In this study, an improved IPDG method was adopted to conduct LES studies around cylinders and airfoils in accompany with various SGS models. From the numerical aspect, a lifting operator was introduced to prevent from the calculation of the homogeneity tensor. From the turbulence modeling aspect, a truncation process was adopted within the test filtering procedure when the coefficient was dynamically updated in the dynamic model. The influences of SGS models and numerical dissipation have been comprehensively discussed through a cylinder wake simulation at Re = 3900. The following conclusions could be drawn.

  1. 1.

    It has been validated that the improved IPDG method can reach a precision of at least fourth order. In the cylinder wake simulation, the accuracy was validated in terms of pressure distribution, velocity and Reynolds stress profiles.
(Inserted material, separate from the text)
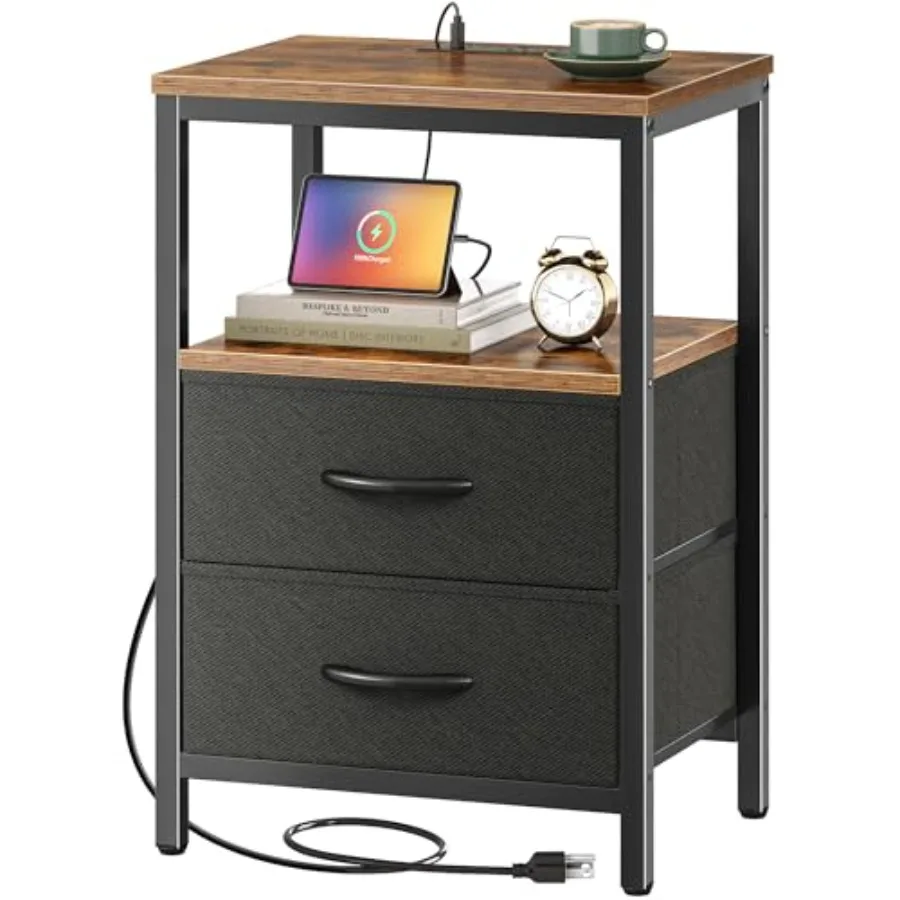 

Bedside table for bedroom use, fabric-drawer rustic brown and black nightstand with charging station, USB ports, outlets, open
When the dynamic subgrid model was adopted, the performances according to flow separation and vortex shedding frequency are consistent with the references with a maximum error of − 5.34%. Therefore, the modeled viscosity and dissipation characteristics of the present IPDG-LES framework have been verified.

  2. 2.

    The Smagorinsky model with a damping function, WALE, and dynamic subgrid models possess certain advantages over the original Smagorinsky model. Nevertheless, they do not consistently result in improved performance. In detail, the WALE model works well within the near-wall region, but the improvement is not evident in the wake region, leading to a relative error of − 12.50% when bubble length is concerned. Actually, the modifications of the damping function and WALE model mainly focus on the boundary layer behaviors. In comparison, the dynamic subgrid model is constructed based on scale similarity and local flow information, which are also valid in the wake region. In this way, the dynamic subgrid model provides the best result.

  3. 3.

    LLF fluxes with three artificial dissipation terms have been adopted to discuss the influence of numerical dissipation. Accidentally, the original LLF flux could achieve the highest precision, which could be interpreted by the development of the resolved viscosity. With the suppression of numerical dissipation, the velocity fluctuation is greatly enlarged and the relative error of bubble length is drastically increased to more than − 17.31%, which might be also attribute to the impact of the aliasing errors. To this end, the flux schemes should be delicately selected and the de-aliasing strategies should be implemented in the corresponding studies.

  4. 4.

    The ability to predict massive flow separation has also been validated through the NACA0021 airfoil flow simulation at Re = 2.7 × 105 and AOA = 60°. Our results are in coincidence with the references in terms of static pressure, streamline and viscosity distributions. Moreover, the capability of turbulence description has also been validated by Reynolds stress distributions and streamwise velocity spectrum.